§ WHAT THE EXERCISE ASKS
Quote every entry word for word.

§ ENTRIES SHOWN
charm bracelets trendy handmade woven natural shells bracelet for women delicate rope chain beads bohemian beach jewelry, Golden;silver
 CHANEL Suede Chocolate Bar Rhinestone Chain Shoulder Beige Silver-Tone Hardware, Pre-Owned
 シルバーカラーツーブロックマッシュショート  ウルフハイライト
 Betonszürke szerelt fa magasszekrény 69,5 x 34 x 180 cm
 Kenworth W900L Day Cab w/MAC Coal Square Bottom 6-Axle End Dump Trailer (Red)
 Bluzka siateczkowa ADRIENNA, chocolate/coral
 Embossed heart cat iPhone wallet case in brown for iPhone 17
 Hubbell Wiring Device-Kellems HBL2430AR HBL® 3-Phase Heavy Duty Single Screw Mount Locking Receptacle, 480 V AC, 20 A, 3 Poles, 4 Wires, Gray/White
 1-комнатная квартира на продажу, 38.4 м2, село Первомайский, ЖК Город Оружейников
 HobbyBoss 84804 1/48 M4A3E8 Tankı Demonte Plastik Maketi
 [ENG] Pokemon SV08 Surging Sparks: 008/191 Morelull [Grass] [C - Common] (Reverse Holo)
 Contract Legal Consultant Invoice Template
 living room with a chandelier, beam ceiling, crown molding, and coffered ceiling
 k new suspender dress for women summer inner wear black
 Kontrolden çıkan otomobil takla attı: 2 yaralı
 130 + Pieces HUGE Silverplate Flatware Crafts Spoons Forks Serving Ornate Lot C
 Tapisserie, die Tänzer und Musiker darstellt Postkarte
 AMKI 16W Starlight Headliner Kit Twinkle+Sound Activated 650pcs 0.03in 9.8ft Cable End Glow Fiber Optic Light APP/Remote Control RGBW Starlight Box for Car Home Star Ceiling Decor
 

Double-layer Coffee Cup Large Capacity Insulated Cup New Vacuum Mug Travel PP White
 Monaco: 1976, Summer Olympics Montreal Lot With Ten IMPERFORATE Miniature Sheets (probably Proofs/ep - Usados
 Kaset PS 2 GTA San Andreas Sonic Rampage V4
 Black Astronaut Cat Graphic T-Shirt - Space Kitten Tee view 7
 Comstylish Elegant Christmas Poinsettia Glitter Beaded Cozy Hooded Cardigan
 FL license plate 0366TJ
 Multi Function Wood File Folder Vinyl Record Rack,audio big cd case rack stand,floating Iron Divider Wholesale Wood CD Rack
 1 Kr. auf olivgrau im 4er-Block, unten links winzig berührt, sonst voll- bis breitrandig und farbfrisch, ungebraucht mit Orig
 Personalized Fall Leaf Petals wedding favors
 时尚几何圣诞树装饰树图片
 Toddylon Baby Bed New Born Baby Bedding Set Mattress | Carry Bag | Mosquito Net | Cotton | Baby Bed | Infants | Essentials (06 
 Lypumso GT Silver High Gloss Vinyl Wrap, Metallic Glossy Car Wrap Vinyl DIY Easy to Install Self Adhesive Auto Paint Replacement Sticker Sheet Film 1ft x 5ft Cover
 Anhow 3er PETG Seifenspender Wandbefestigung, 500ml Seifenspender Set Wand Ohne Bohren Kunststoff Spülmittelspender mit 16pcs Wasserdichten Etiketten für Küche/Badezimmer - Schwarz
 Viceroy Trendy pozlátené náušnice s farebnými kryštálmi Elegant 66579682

§ FINISHED EXERCISE
charm bracelets trendy handmade woven natural shells bracelet for women delicate rope chain beads bohemian beach jewelry, Golden;silver
 CHANEL Suede Chocolate Bar Rhinestone Chain Shoulder Beige Silver-Tone Hardware, Pre-Owned
 シルバーカラーツーブロックマッシュショート  ウルフハイライト
 Betonszürke szerelt fa magasszekrény 69,5 x 34 x 180 cm
 Kenworth W900L Day Cab w/MAC Coal Square Bottom 6-Axle End Dump Trailer (Red)
 Bluzka siateczkowa ADRIENNA, chocolate/coral
 Embossed heart cat iPhone wallet case in brown for iPhone 17
 Hubbell Wiring Device-Kellems HBL2430AR HBL® 3-Phase Heavy Duty Single Screw Mount Locking Receptacle, 480 V AC, 20 A, 3 Poles, 4 Wires, Gray/White
 1-комнатная квартира на продажу, 38.4 м2, село Первомайский, ЖК Город Оружейников
 HobbyBoss 84804 1/48 M4A3E8 Tankı Demonte Plastik Maketi
 [ENG] Pokemon SV08 Surging Sparks: 008/191 Morelull [Grass] [C - Common] (Reverse Holo)
 Contract Legal Consultant Invoice Template
 living room with a chandelier, beam ceiling, crown molding, and coffered ceiling
 k new suspender dress for women summer inner wear black
 Kontrolden çıkan otomobil takla attı: 2 yaralı
 130 + Pieces HUGE Silverplate Flatware Crafts Spoons Forks Serving Ornate Lot C
 Tapisserie, die Tänzer und Musiker darstellt Postkarte
 AMKI 16W Starlight Headliner Kit Twinkle+Sound Activated 650pcs 0.03in 9.8ft Cable End Glow Fiber Optic Light APP/Remote Control RGBW Starlight Box for Car Home Star Ceiling Decor
 

Double-layer Coffee Cup Large Capacity Insulated Cup New Vacuum Mug Travel PP White
 Monaco: 1976, Summer Olympics Montreal Lot With Ten IMPERFORATE Miniature Sheets (probably Proofs/ep - Usados
 Kaset PS 2 GTA San Andreas Sonic Rampage V4
 Black Astronaut Cat Graphic T-Shirt - Space Kitten Tee view 7
 Comstylish Elegant Christmas Poinsettia Glitter Beaded Cozy Hooded Cardigan
 FL license plate 0366TJ
 Multi Function Wood File Folder Vinyl Record Rack,audio big cd case rack stand,floating Iron Divider Wholesale Wood CD Rack
 1 Kr. auf olivgrau im 4er-Block, unten links winzig berührt, sonst voll- bis breitrandig und farbfrisch, ungebraucht mit Orig
 Personalized Fall Leaf Petals wedding favors
 时尚几何圣诞树装饰树图片
 Toddylon Baby Bed New Born Baby Bedding Set Mattress | Carry Bag | Mosquito Net | Cotton | Baby Bed | Infants | Essentials (06 
 Lypumso GT Silver High Gloss Vinyl Wrap, Metallic Glossy Car Wrap Vinyl DIY Easy to Install Self Adhesive Auto Paint Replacement Sticker Sheet Film 1ft x 5ft Cover
 Anhow 3er PETG Seifenspender Wandbefestigung, 500ml Seifenspender Set Wand Ohne Bohren Kunststoff Spülmittelspender mit 16pcs Wasserdichten Etiketten für Küche/Badezimmer - Schwarz
 Viceroy Trendy pozlátené náušnice s farebnými kryštálmi Elegant 66579682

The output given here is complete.